> [TASK DETAILS]: Images don't belong in the copy. Output the rest of the data exactly.

> [SOURCE MATERIAL]:

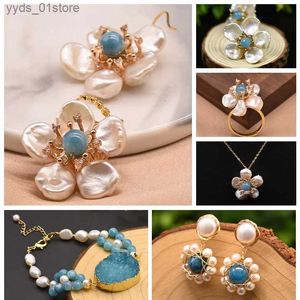 イヤリングネックレスGlseevo Aquamarine light Blue for woman earringsネックレスブレスレット2022韓国ファッションロマンチックなかわいいジュエリーセットアニバーサリーギフトl240323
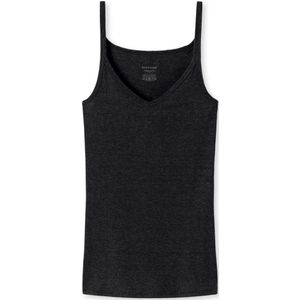 SCHIESSER Personal Fit Geribd singlet (1-pack), dames topje met spaghettibandjes dubbele rib antraciet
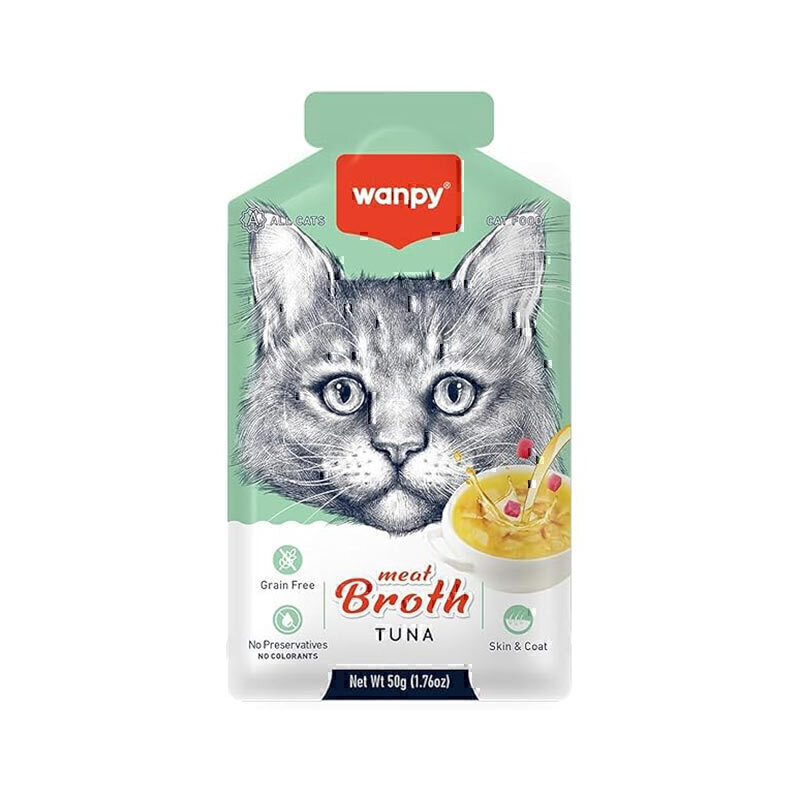 سوپ گربه ونپی با طعم ماهی تن سفارش اروپا Wanpy Cat Meat Broth وزن 50 گرم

> [ANSWER SECTION]:
 イヤリングネックレスGlseevo Aquamarine light Blue for woman earringsネックレスブレスレット2022韓国ファッションロマンチックなかわいいジュエリーセットアニバーサリーギフトl240323
 SCHIESSER Personal Fit Geribd singlet (1-pack), dames topje met spaghettibandjes dubbele rib antraciet
 سوپ گربه ونپی با طعم ماهی تن سفارش اروپا Wanpy Cat Meat Broth وزن 50 گرم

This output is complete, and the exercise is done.